Wednesday, November 1, 2017

Caching: When Reality Bites People In The @$$




Internet Soopergenius takes on Reality, in this case Remus' suggestions this week regarding caches:     
  •    czechsix

    I’ve got to say that his idea of supply caches being a standard distance and heading from camps – is a terrible idea.

    • Show your work.
      Note he didn’t say to leave that information on a card on your front door when you split.

      • The folks that you have to be concerned about when dealing with caching and hides aren’t the ones that’ll be reading a note on your front door.
        So standardizing cache locations and hides is a good thing? So if one is found, then two are found…then someone figures out that, hey – maybe when we find either a cache or a hide site, we can backtrack to the other element?
        Bad idea. At the least shift cardinal directions, distances, etc. Make a system of it that you’re familiar with, but for the love of Pete, don’t make things easy on pursuers.
        As to showing my work, that’s akin to telling folks to cache things a standard distance and direction from each site – ain’t gonna happen, lol.


  • Got it.
    It's bad because you say so, Secret Squirrel.

    Which assumes somebody would first have to find not one, but two caches, and then extrapolate the existence of all the others from that starting point. And then find them.

    If someone finds two of your caches to begin with, you have bigger problems than trying not to "make things easy" for whoever's finding them.
    Like being that big a stumblefuck idiot.

    So rather than exhorting someone "Don't be an idiot", you figure to take down an entire post because (insert magical hand-waving here) you said the Underpants Gnome will find your stuff.

    Thanks for sharing, and the clarification.
    I've been reading Remus for years, and you for mere seconds, and I already sussed out which one of you makes more sense, and might know what they're talking about.

    And not for nothing, but I'm guessing you never played "Battleship" a lot.


    Because no one who had the merest grasp of real-world caching, let alone a kids' 10x10 X-Y grid, would ever try to extrapolate winning the entire game from one datum point.


    I'll make it easy for you: If I bury a Toyota Corolla, there are 360 or so car-sized points in a single acre map to find it. Or, a problem 3 1/2 times harder for getting one single hit in a game of "Battleship", which starts with a statistical 1% chance.
    If I bury the Corolla in a square mile, it's 640 times worse than that: one chance in 230,400. Or a 0.000434% chance of finding one buried car-sized object (let alone a trashcan-sized cache). If I make it an area three miles square, you have one chance in 2,073,600 of finding one buried car-sized object. In an area the size of a  township 6 miles square, you'd be looking at one chance in 8,294,400.
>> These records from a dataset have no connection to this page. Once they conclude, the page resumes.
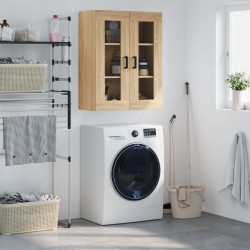 Salon de jardin 9 pcs avec coussins gris clair résine tressée 489393489393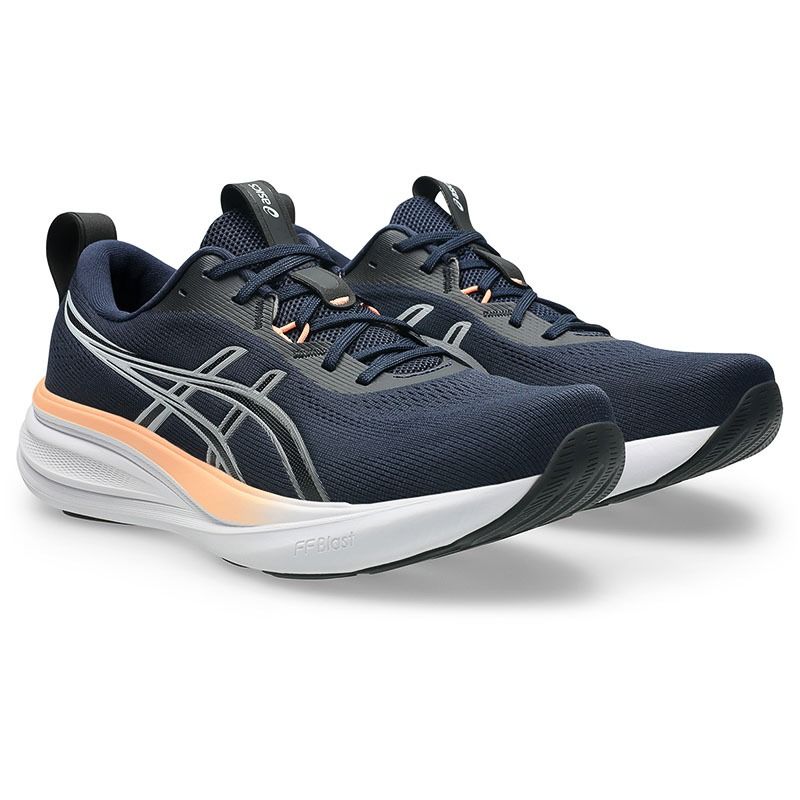 ASICS Men's Gel-Pulse 17 Running Shoes Midnight From O'Neills
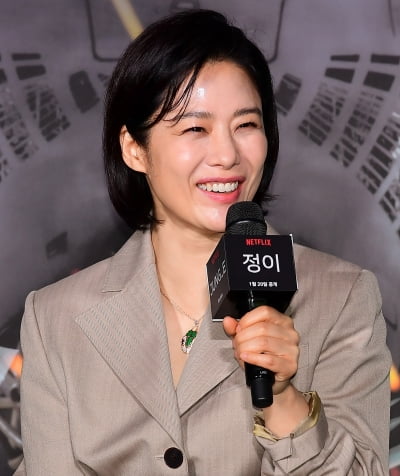 [TEN 포토] 김현주 '아름다운 미소'
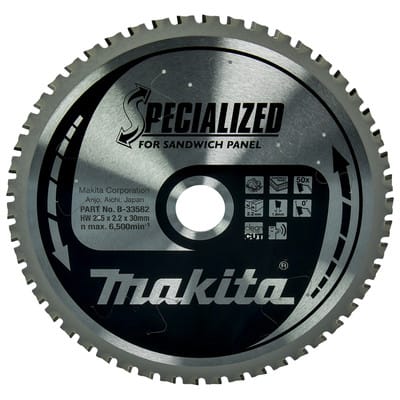 Specialized Sägeblatt ø235 x 30 x 50Z B-33582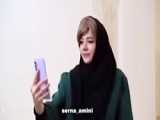 کلیپ طنز سرنا امینی مناسبت های ایرانی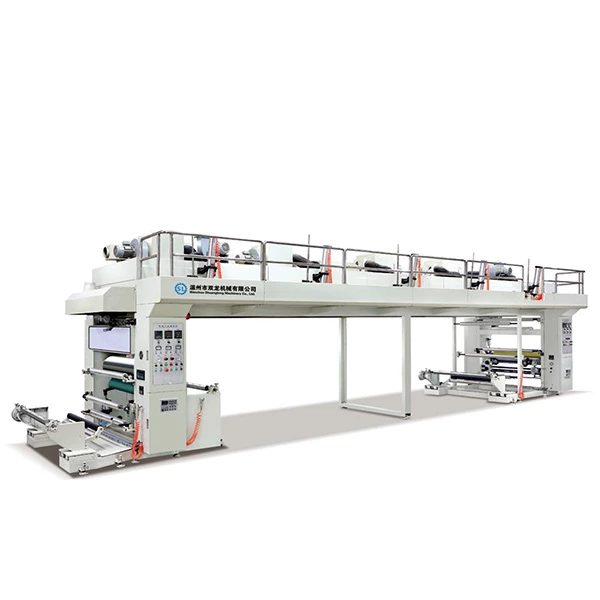 Dry Lamination Machine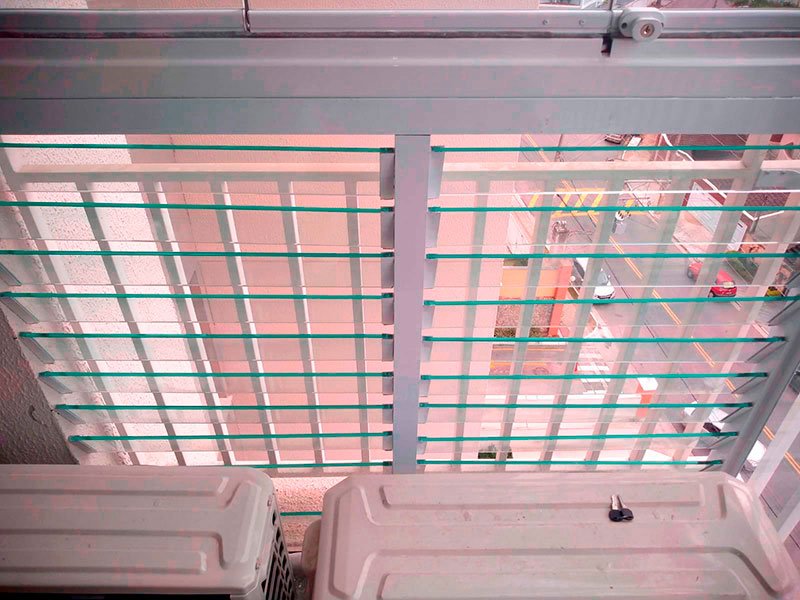 Foto Portfólio - FT Vidraçaria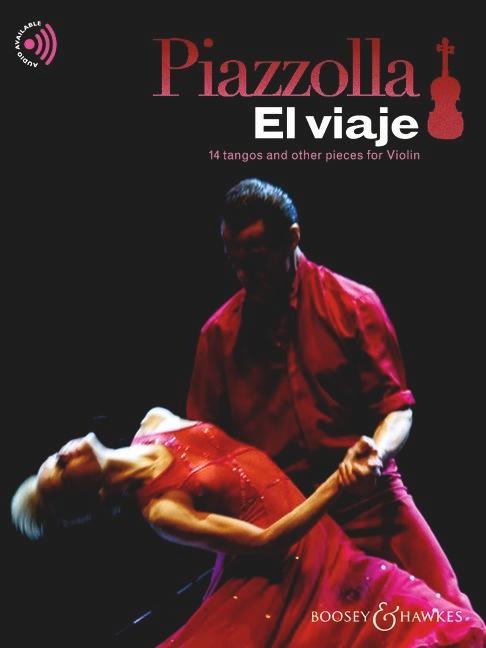 El viaje. Violine - Astor Piazzolla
    To find something the size of a car.


    If I drop the cache to the more realistic size of a 55-gallon drum (a not unreasonable suggestion), your chances of finding one such cache in that area drop to 1 in 248,832,000.

    To find just the first buried 55 gal. drum o' stuff.
    For reference, the odds of winning the Powerball are currently
    calculated to be 1 in 292,000,000.

    And you'd have to find two such drums. And then (Aha!) cleverly deduce that all the other caches were on identical radials and distances.
    (I'd go easy on you, and leave that problem in degrees, rather than mils, which come 6400 to the compass rose instead of only 360).
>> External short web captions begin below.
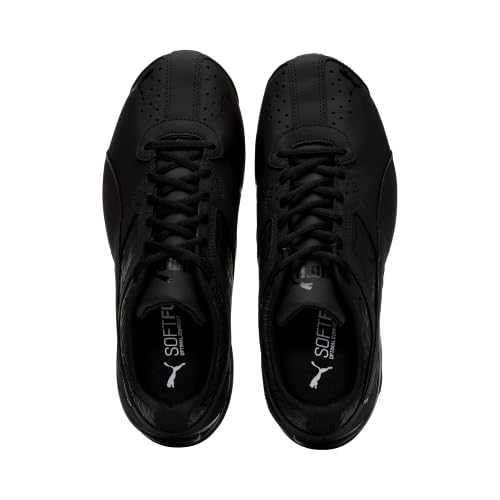 Men's Tazon 6 FM Cross-Training Shoes - 10.5 Wide / Puma Black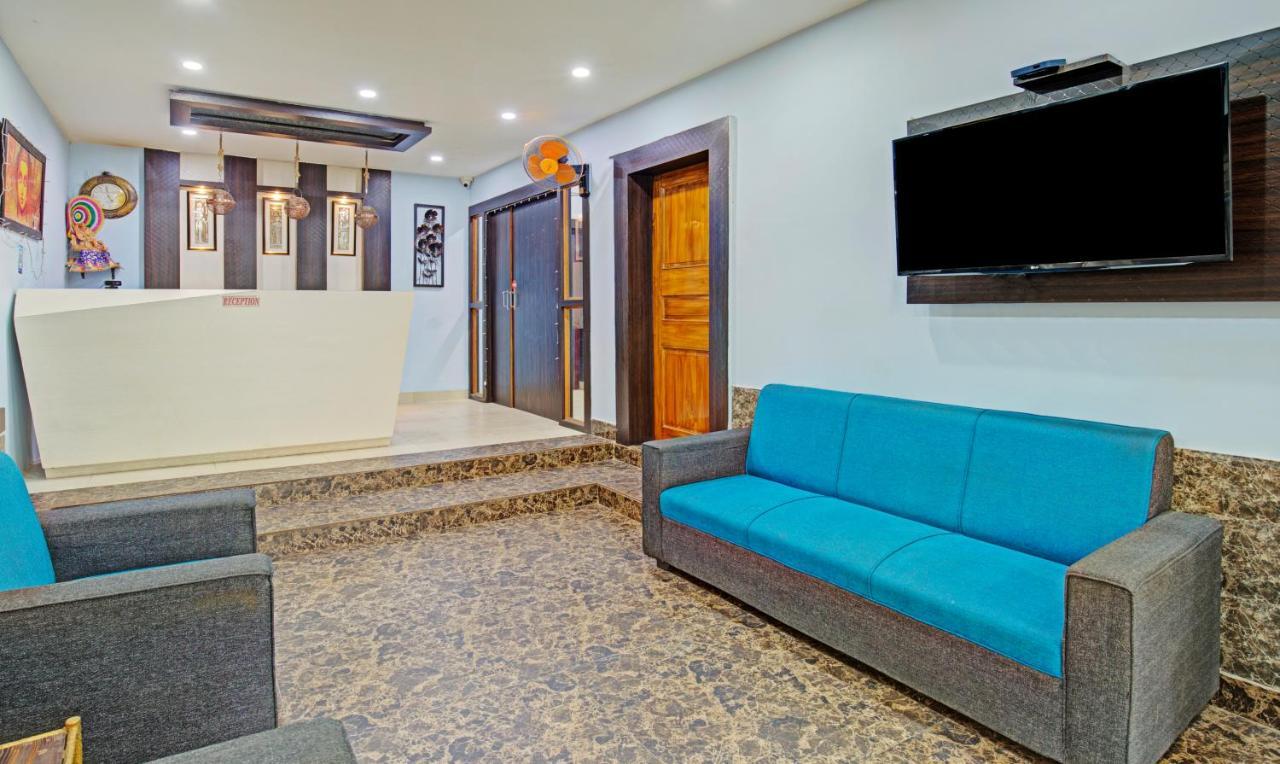 Itsy Hotels Sidhartha Residency Khandagiri Zewnętrze zdjęcie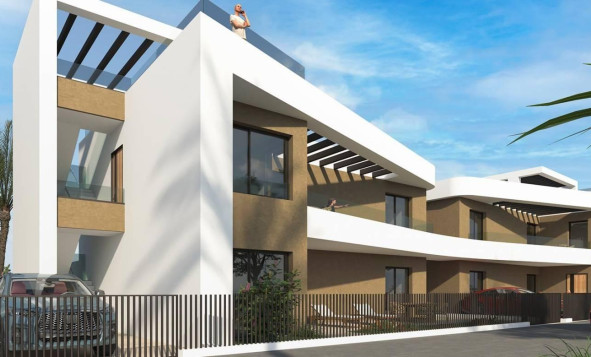 Bungalow - Nieuwbouw Woningen - Orihuela Costa - Orihuela Costa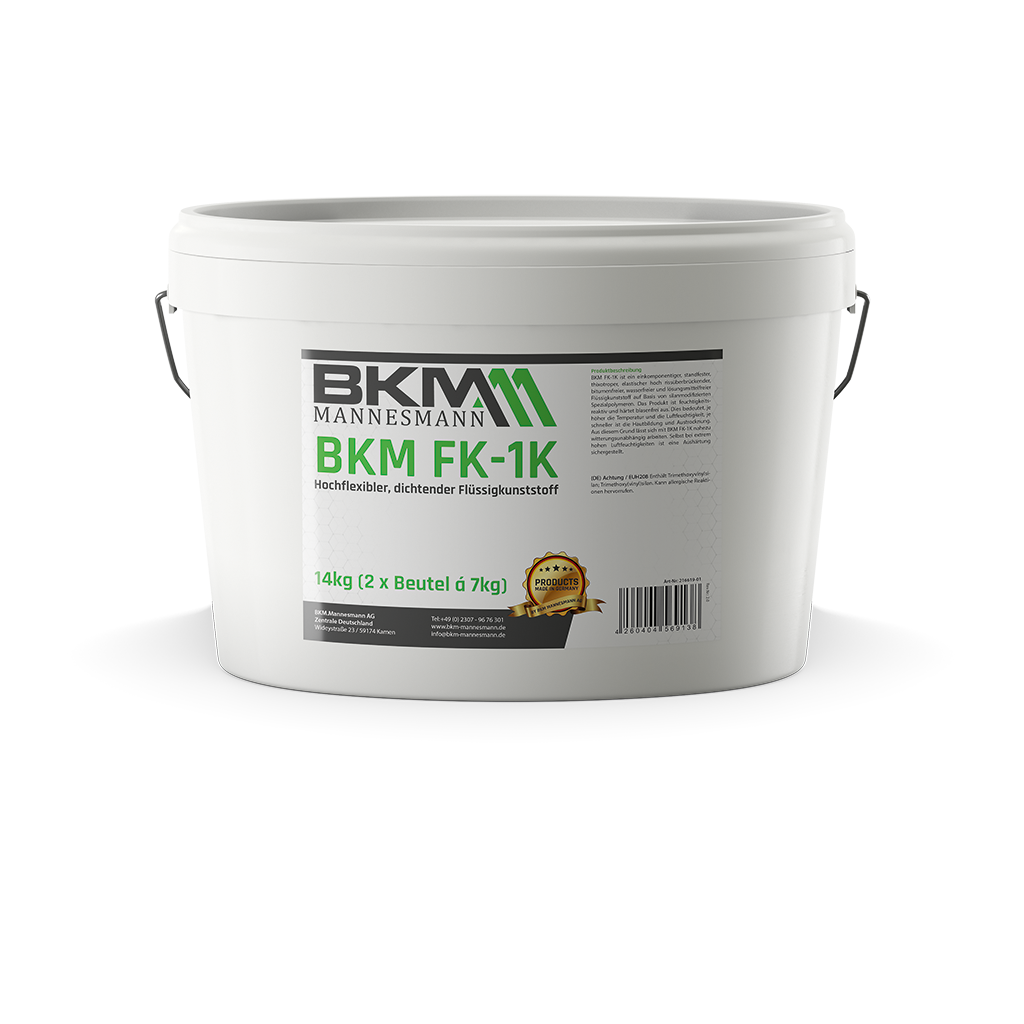 BKM FK-1K Flüssigkunststoff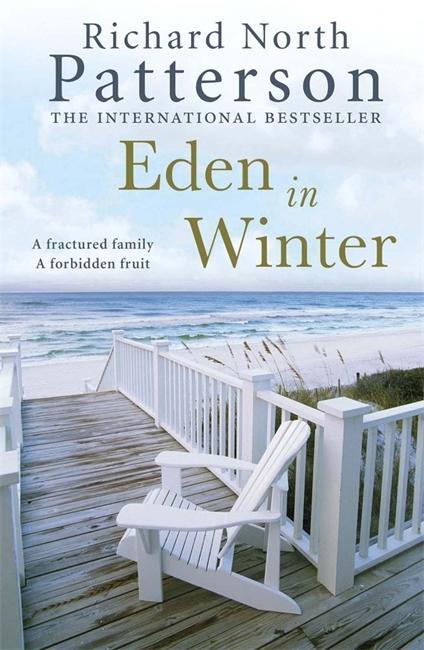 Vorderes Coverbild Eden in Winter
    Which, at 3 miles' distance from a point at the center of that notional township-sized parcel, gives someone only about 44,800 possible burial sites for a drum-sized cache at the 3-mile mark. Yeah, good luck finding one, let alone two, even at the vastly reduced odds of 2/1000ths of a percent (squared, if you expect to find the second one).
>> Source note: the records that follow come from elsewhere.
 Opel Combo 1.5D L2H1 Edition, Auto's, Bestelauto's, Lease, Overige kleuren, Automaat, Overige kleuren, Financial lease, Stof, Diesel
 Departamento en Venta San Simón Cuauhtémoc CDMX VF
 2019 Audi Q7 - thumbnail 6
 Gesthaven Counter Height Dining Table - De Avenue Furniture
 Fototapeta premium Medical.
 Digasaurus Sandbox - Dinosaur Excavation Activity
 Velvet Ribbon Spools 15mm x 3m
    So from a bare chance of finding two such caches being a combined
    1 chance in 85,264,000,000,000,000, which is one million times more than the sum total of every human finger currently extant on the entire planet, you're telling me somebody should worry because someone might be able to tell which two fingers in the entire human race are doing the same thing at the same time, right now.

    You'd have to leave either a note on the door, with a marked topo map, or else flag your cache sites with a 24-hour strobe light and neon arrow pointing at the site to give anyone a chance of finding the first one.

    (Talk to some geocaching guys, and try telling them the target is located somewhere in the above 36 square miles, under the small tumbleweed:


    Or here, it's next to the pine tree:


    Do let us know what their answer to that poser is. I'm guessing the suggestion offered will be both impolite, anatomically impossible, and/or involve one or more of your relatives.)

    The average person can walk about 3 mph. If they had a metal detector, they could cover a strip 5' wide and 6 miles long in two hours, and they could search the entire area in that notional township in only a year and a half, provided they never slept, took meal breaks, or stopped to pee. For eighteen months. A more likely rate of 9 hours a day six days a week means they'd need only 6+ years to search the entire area, once. Assuming no overlaps or mistakes. And that nobody hiding there all that time notices this, and interferes with them, or moves the caches.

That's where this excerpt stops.